* YOUR OBJECTIVE
In the entries that follow, the lines from the line containing "603 NORIKER COURT Ottawa" up to and including the line containing "30 Ritter Crescent" must be copied exactly, with pictures omitted.

Stored entries:
##########

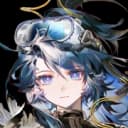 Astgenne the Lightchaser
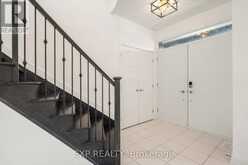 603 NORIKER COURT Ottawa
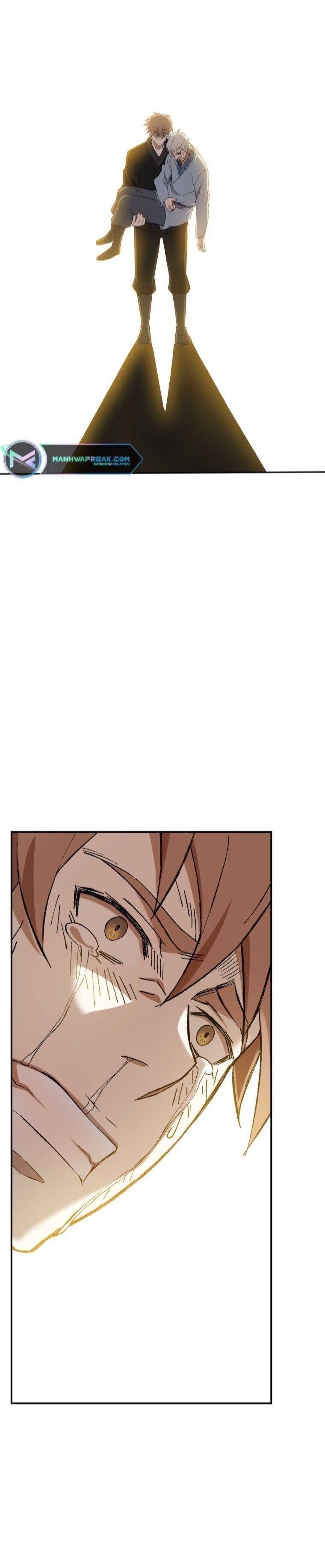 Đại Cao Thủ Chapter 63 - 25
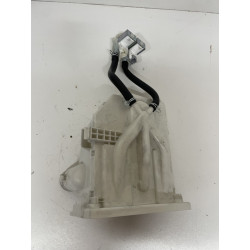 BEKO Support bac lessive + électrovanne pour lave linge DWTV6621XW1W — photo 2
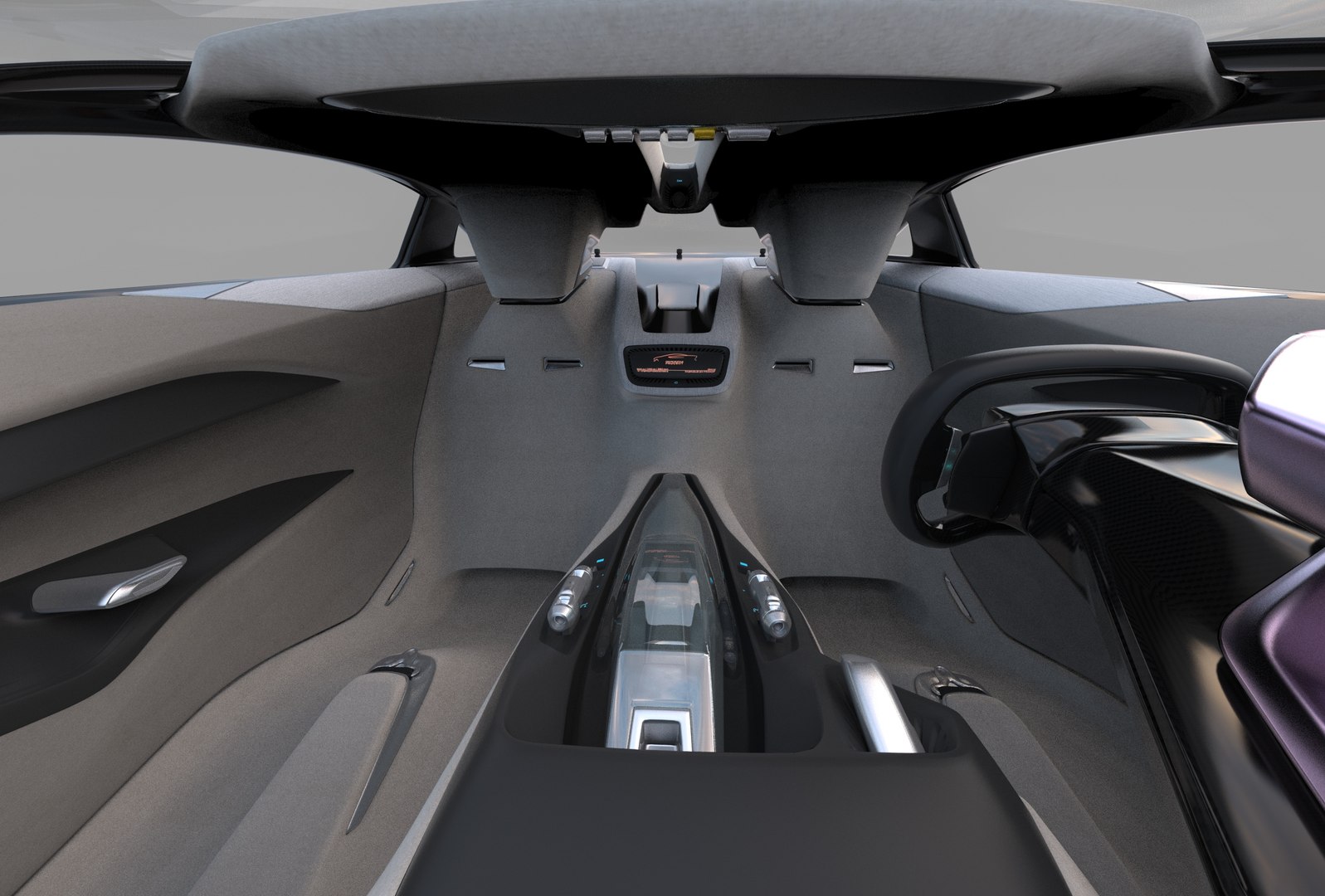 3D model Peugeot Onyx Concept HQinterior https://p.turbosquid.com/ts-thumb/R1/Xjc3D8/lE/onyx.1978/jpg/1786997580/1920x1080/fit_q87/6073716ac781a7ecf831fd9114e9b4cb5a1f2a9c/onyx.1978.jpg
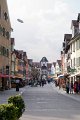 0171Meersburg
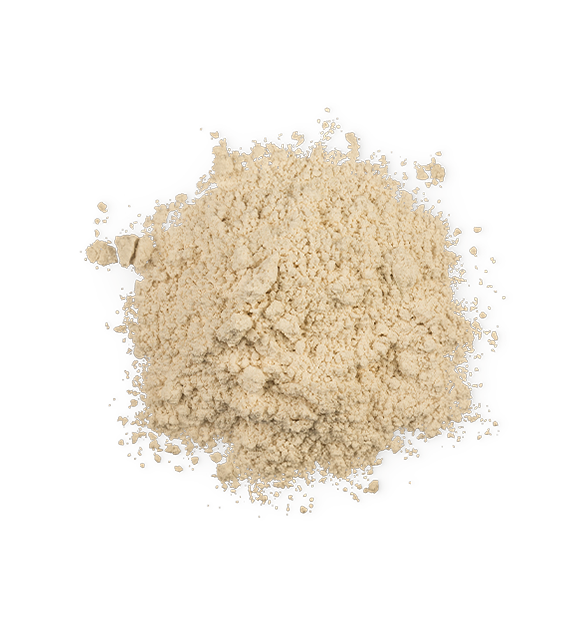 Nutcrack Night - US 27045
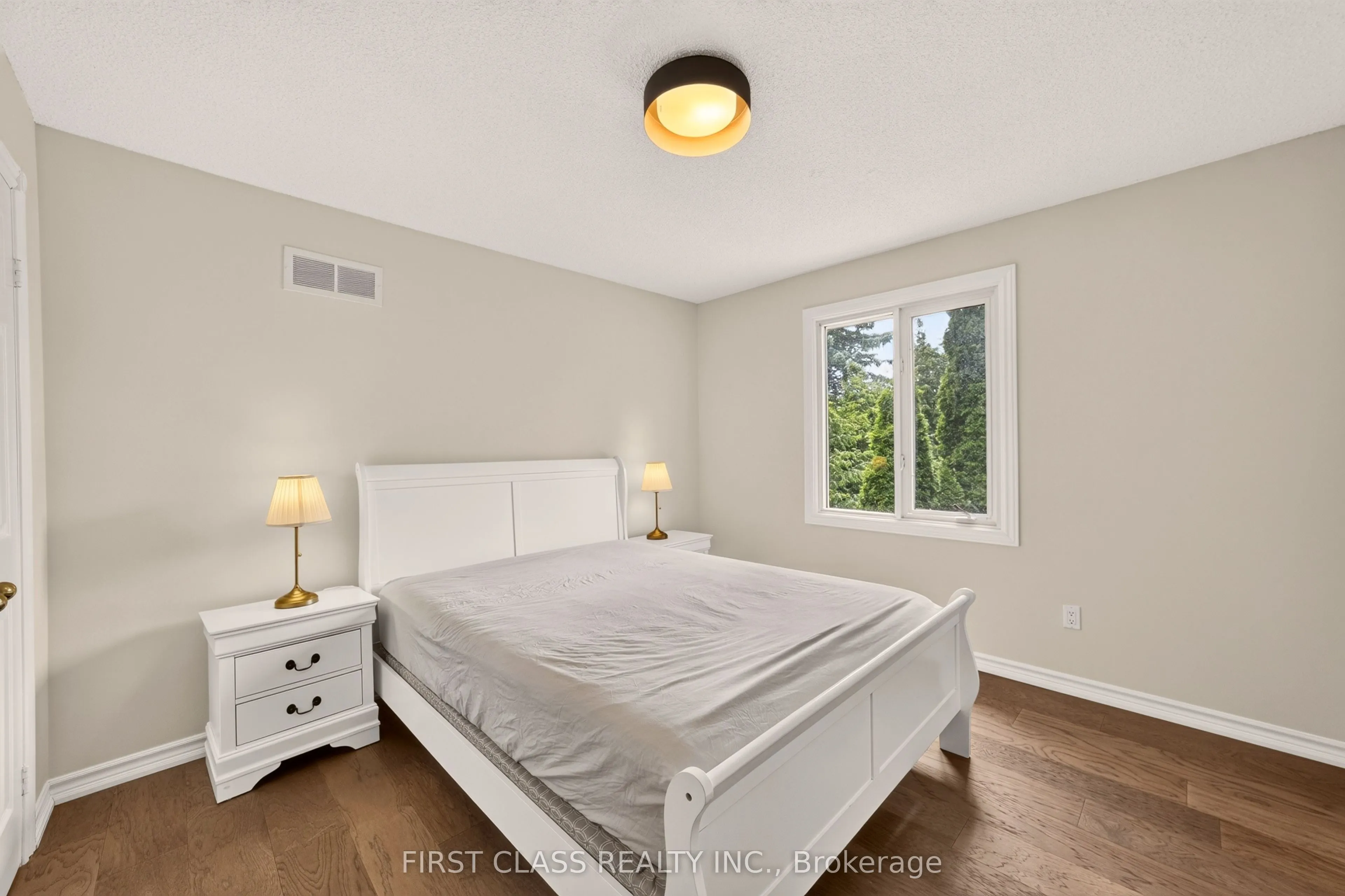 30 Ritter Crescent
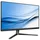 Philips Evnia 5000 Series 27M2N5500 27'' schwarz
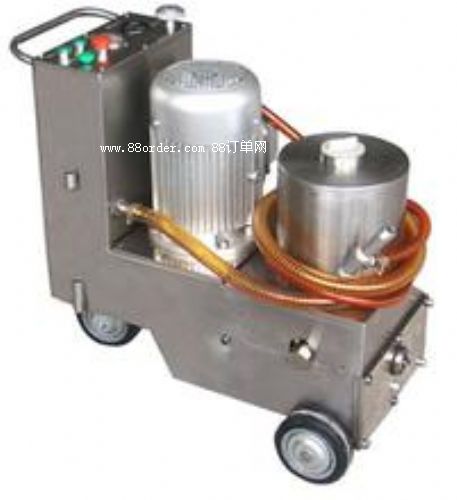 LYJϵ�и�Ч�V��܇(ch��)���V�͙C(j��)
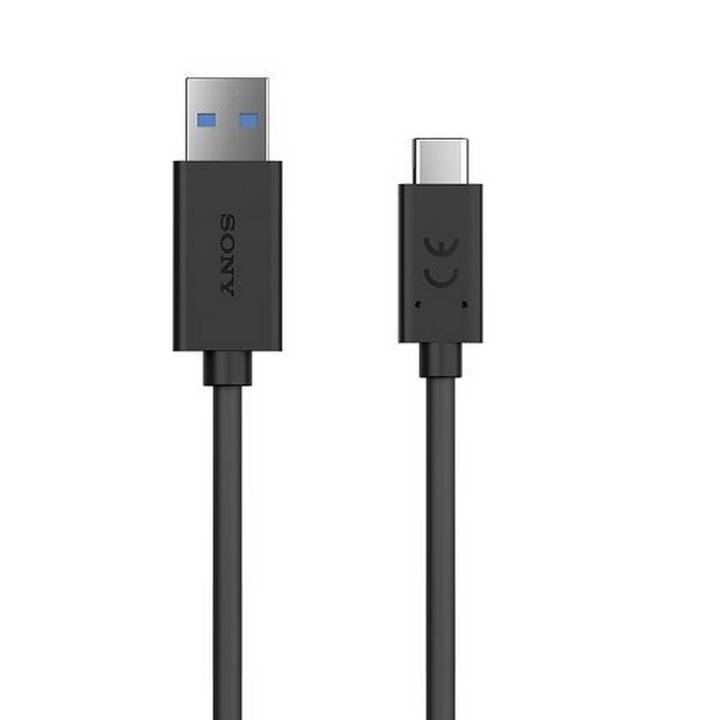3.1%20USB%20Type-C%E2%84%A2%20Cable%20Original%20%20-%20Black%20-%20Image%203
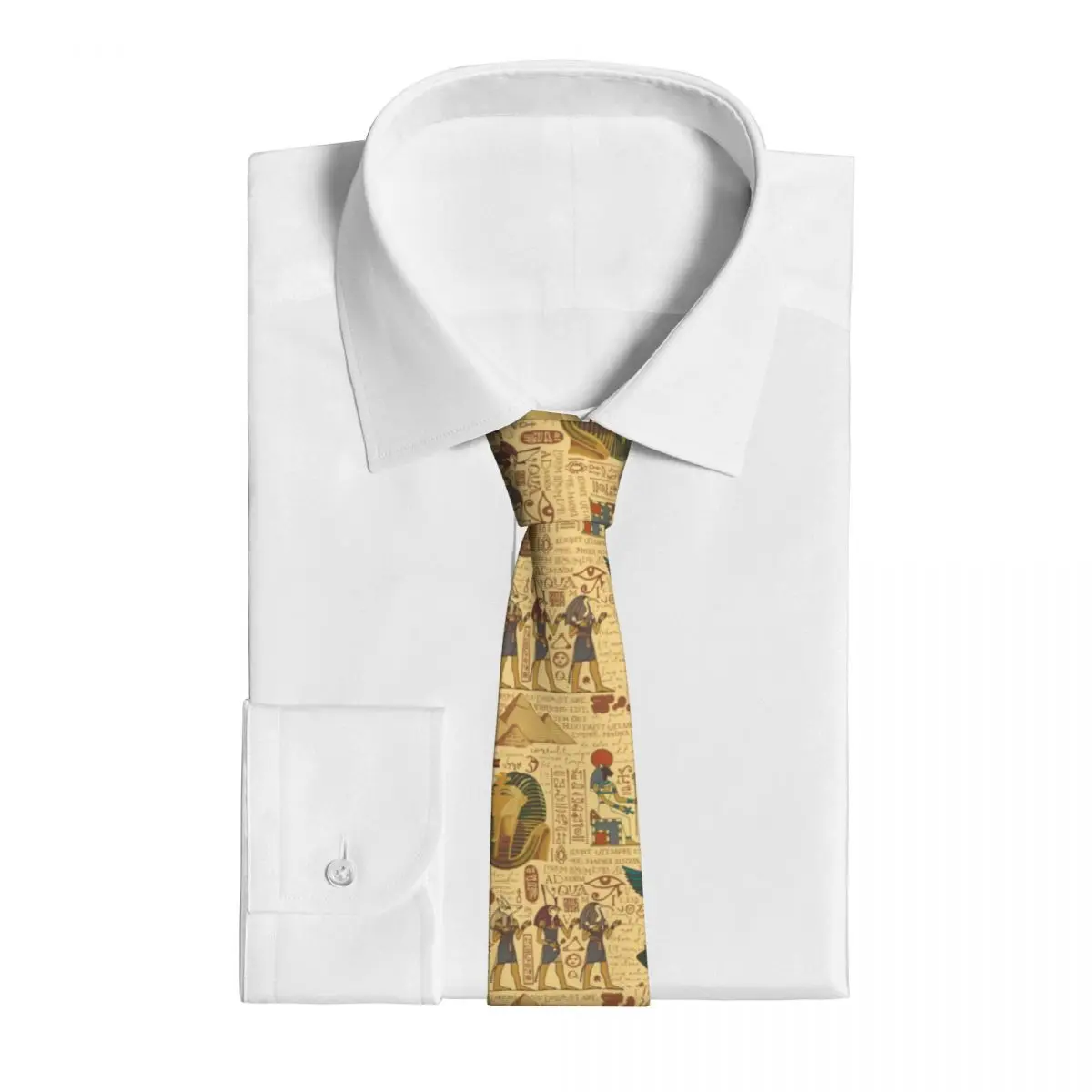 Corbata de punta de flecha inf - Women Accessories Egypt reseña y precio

##########

* TASK RESPONSE
 603 NORIKER COURT Ottawa
 Đại Cao Thủ Chapter 63 - 25
 BEKO Support bac lessive + électrovanne pour lave linge DWTV6621XW1W — photo 2
 3D model Peugeot Onyx Concept HQinterior https://p.turbosquid.com/ts-thumb/R1/Xjc3D8/lE/onyx.1978/jpg/1786997580/1920x1080/fit_q87/6073716ac781a7ecf831fd9114e9b4cb5a1f2a9c/onyx.1978.jpg
 0171Meersburg
 Nutcrack Night - US 27045
 30 Ritter Crescent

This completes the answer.